I don't think that they would be merged into a single block. The time trace granularity applies a minimum length to the blocks of time, not to gaps. It's not a sample rate.

Note for example that if each "Finalize synthetic sections" was "< granularity" but the sum was "> granularity" then I don't think it would be traced.

My concern was about having 2 different blocks with the same name

We ended up with something like this for the clang "FrontEnd" block as it was difficult to identify a single scope which covered all of that. It's not ideal but was the best option we could think of then (https://reviews.llvm.org/D63325).

One option may be to use the second parameter to say something about "which" sections.

jhenderson updated this revision to Diff 303445.Nov 6 2020, 7:13 AM

Added sub-scope for finalizing synthetic sections, using the section name. Also added "Resolve SHF_LINK_ORDER" scope as that was flagged up after as taking a substantial amount of time in my experimental package.
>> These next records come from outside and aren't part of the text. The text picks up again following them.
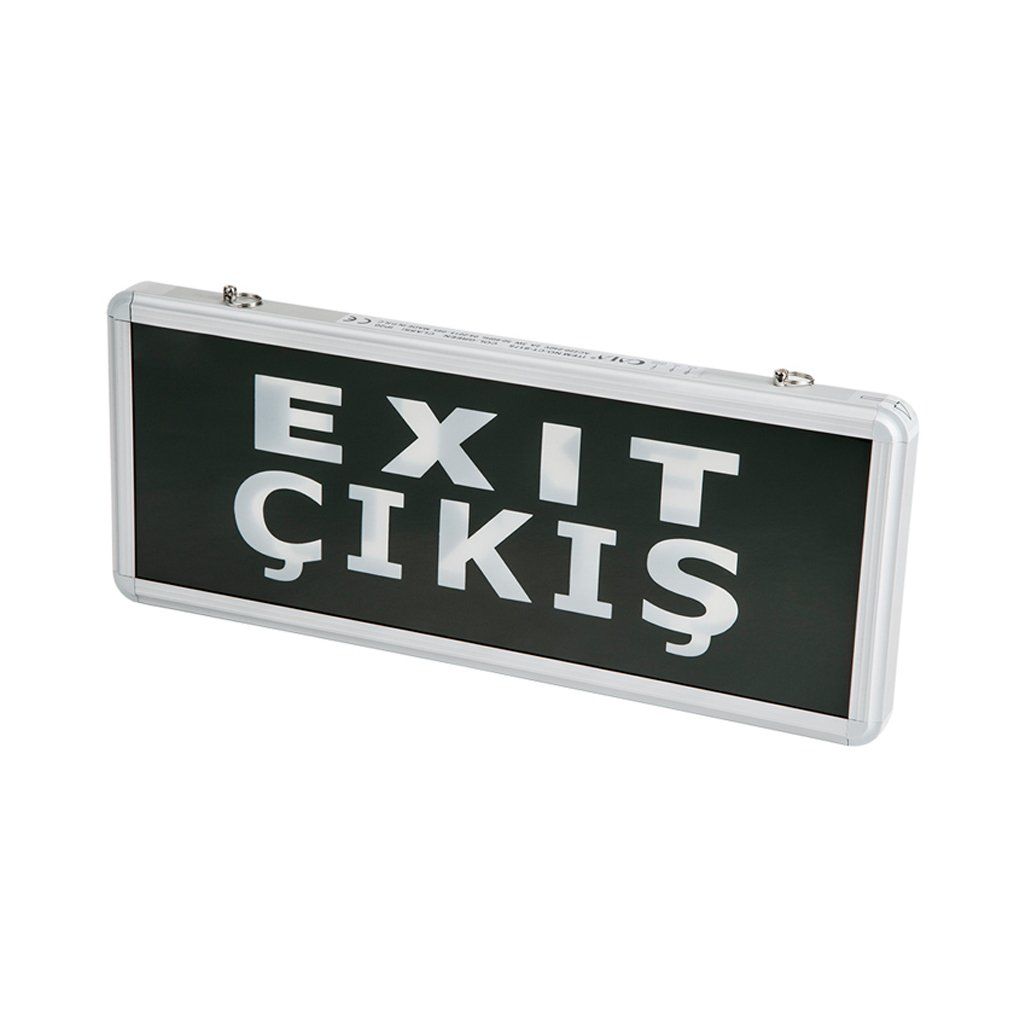 Cata Exit Çıkış Armatürü Ledli 3 Saat Akülü Ct-9175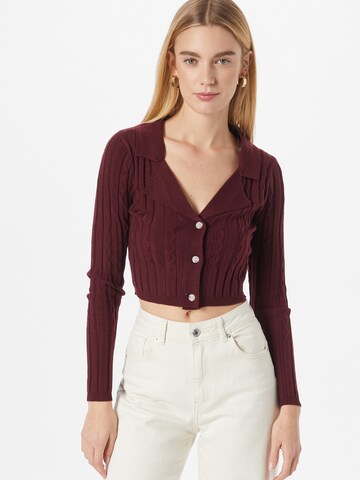 Cardigan Cotton On en violet : devant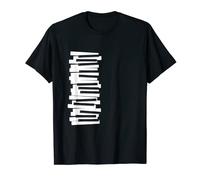 Llaves Música Nota Teclado Tocando Piano Sintetizador Regalo Camiseta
jhenderson marked 2 inline comments as done.Nov 6 2020, 7:14 AM
jhenderson added inline comments.
lld/ELF/Writer.cpp
2185

My mistake. I assumed they would be, but wasn't looking at the right thing. I've added sub-scopes naming the sections. In my experiment, the dynsym and symtab showed up, but nothing else did really.

jhenderson marked an inline comment as done.Nov 6 2020, 7:14 AM
grimar accepted this revision.Nov 9 2020, 12:26 AM

This LGTM, but please wait for others.

This revision is now accepted and ready to land.Nov 9 2020, 12:26 AM
russell.gallop added inline comments.Nov 9 2020, 2:50 AM
lld/ELF/Writer.cpp
2185

Note for example that if each "Finalize synthetic sections" was "< granularity" but the sum was "> granularity" then I don't think it would be traced.

To be more specific, scopes less than granularity are not traced as individual events in the flame graph, they are counted in the "Total" times.

russell.gallop resigned from this revision.Nov 9 2020, 2:57 AM

Resigning as reviewer as I also work for Sony.

MaskRay accepted this revision.Nov 9 2020, 9:49 AM

LGTM.

lld/ELF/Writer.cpp
207

EH can mean both .eh_frame and .ARM.exidx

The ARM ABI is called "Exception Handling ABI for the Arm Architecture". An alternative name is unwinding sections.

This revision was automatically updated to reflect the committed changes.